(GIVEN MATERIAL):
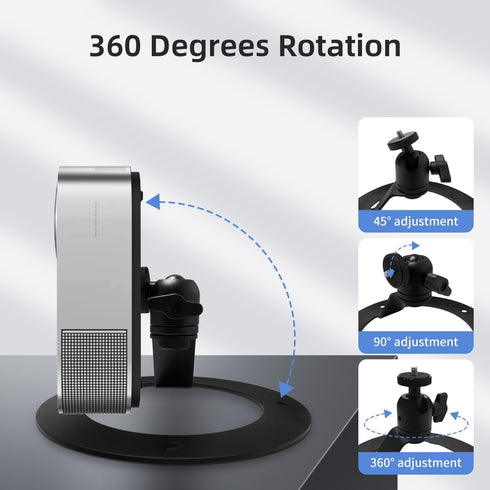 Tonalee 360 1/4" Projector Stand Table Tripod: Ballhead Angle Degree Adjustable with Screw for Most Projectors Webcams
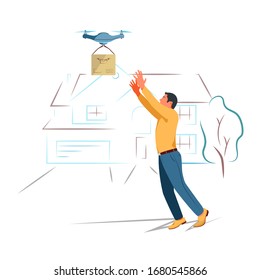 Ilustración plana sobre fondo blanco. El drone entrega el pedido al destinatario. Entrega del futuro.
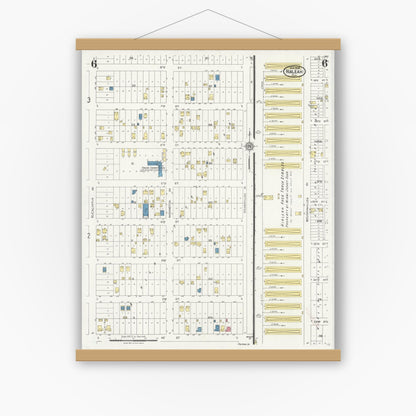 Old map wall art mockup — magnetic wood frame on white wall — Sanborn Fire Insurance Map from Hialeah, Dade County, Florida (1926), Sheet #0006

(EXERCISE AIM): The lines wanted run from the one with "Ilustración plana sobre" through the final line of the data; repeat them word for word and skip every picture.

(WRITTEN RESPONSE):
 Ilustración plana sobre fondo blanco. El drone entrega el pedido al destinatario. Entrega del futuro.
 Old map wall art mockup — magnetic wood frame on white wall — Sanborn Fire Insurance Map from Hialeah, Dade County, Florida (1926), Sheet #0006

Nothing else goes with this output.